October 2010 IssueVol 2, Issue 4


I Did Not Know 

What To Say  



WELCOME EVERYONE!  Our online community is growing and we are honored to have you be a part of the journey.

Featured Article...
This month we will explore how writing can assist your loved one heal.  Joan Hitchens' from Storybooks for Healing shows through her article On Writing: Your Stories Can Heal Your Heart, how writing about a loved one can be an effective tool for those grieving to process their feelings and help them restore balance in their life.

A Little Inspiration... I recently came across the movie Mr.
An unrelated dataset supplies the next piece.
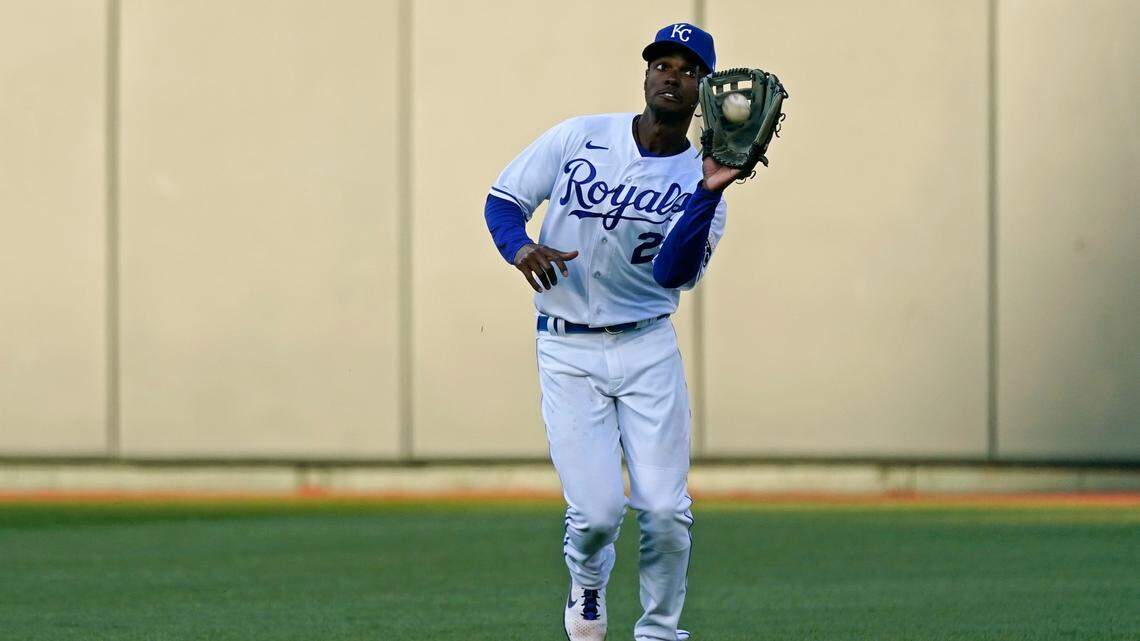 Kansas City Royals center fielder Michael A. Taylor catches a fly ball during the seventh inning of a baseball game against the Texas Rangers Thursday, April 1, 2021, in Kansas City, Mo. (AP Photo/Charlie Riedel)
Magorium's Wonder Emporium, a delightful children's movie full of wonder and magic.  I was so touched by how they handled the topic of death, that I felt compelled to share a piece of the movie with all of you as part of our Monthly Inspiration. 


Live on our Blog... Be sure to check-out our Virtual Book Tour featuring authors that have written inspirational books on grief and the healing process.  We have just posted our interview with Carole Brody Fleet, author of "Widows Wear Stilettos: A Practical and Emotional Guide for the Young Widow". 


Do you have a story you would like to share?  We invite you to submit your inspirational stories, letters that have reached your heart, a favorite quote or poem, an unforgettable outing, or a book that touched your life.  We would love to hear from you.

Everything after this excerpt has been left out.